Hinzu kommt: Der Job im Verfassungsdienst sei für viele der dort tätigen Juristen nur eine Zwischenstation, und parteipolitisch eingefärbte Stellungnahmen kämen in Fachkreisen überhaupt nicht gut an, im Gegenteil. Matzka ist überzeugt: „Wenn der Verfassungsdienst etwas vorlegt, dann hat das Hand und Fuß.“

Wenn er etwas vorlegt. Matzka erinnert sich, dass der Verfassungsdienst bei heiklen politischen Themen, in denen der Kanzler ein bestimmtes Ziel verfolgt hat, eben keine Stellungnahme abgegeben hat.
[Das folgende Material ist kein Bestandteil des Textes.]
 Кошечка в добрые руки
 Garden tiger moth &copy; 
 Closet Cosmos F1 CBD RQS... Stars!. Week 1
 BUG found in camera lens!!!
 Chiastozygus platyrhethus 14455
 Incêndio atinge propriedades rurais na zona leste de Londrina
Nach der Devise: Lieber nichts sagen als etwas „Falsches“ sagen müssen.  

So kann es durchaus vorkommen, schildert der Ex-Spitzenbeamte, dass sich der Verfassungsdienst bei Verfahren vor dem Verfassungsgerichtshof einer Stellungnahme enthält, ebenso bei Verfahren gegen die Republik vor dem Europäischen Gerichtshof oder beim Europäischen Gerichtshof für Menschenrechte. Ebenso bei Vorhaben der Bundesländer oder bei Anfragen aus dem Parlament.
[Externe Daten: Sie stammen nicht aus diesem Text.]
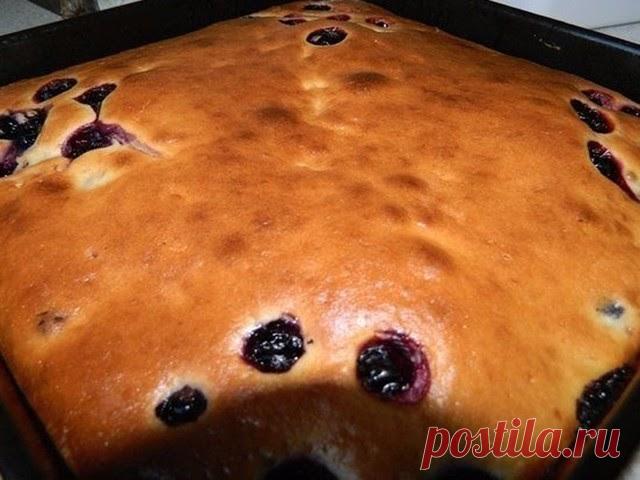 СМЕТАННИК - ПРОСТОЙ КЛАССИЧЕСКИЙ РЕЦЕПТ     Сколько себя помню, в нашей семье мама очень часто готовила сметанник.  Конечно же существует много разнообразных рецептов, а также есть...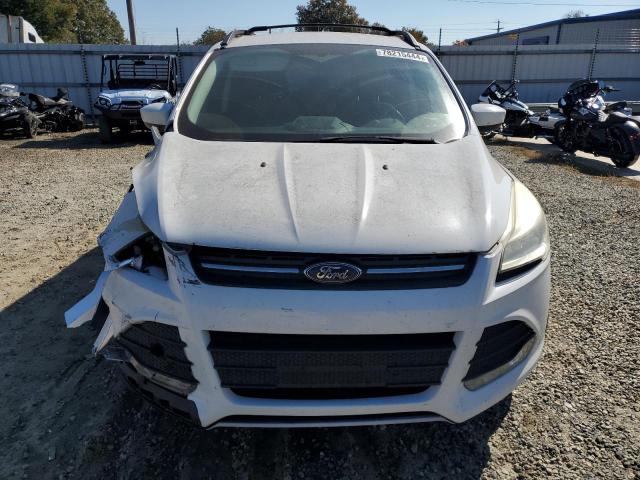 VIN 1FMCU0GX1DUD14299 2013 Ford Escape, SE no.5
„Beamte entscheiden anhand der Gesetze“

Den Verfassungsdienst als Rechtsdienst weisungsfrei zu stellen, wie Gewessler gefordert hat, hält Matzka nicht für notwendig. „Jedes Ministerium ist hierarchisch aufgebaut, ebenso das Kanzleramt. Das ist gut so. Die dort tätigen Beamten entscheiden anhand der Gesetze. Für die Rechtsprüfung sind dann ohnehin die unabhängigen Gerichte da.“ Das System sei, so wie es ist, „gut und richtig“, betont Matzka im KURIER-Gespräch.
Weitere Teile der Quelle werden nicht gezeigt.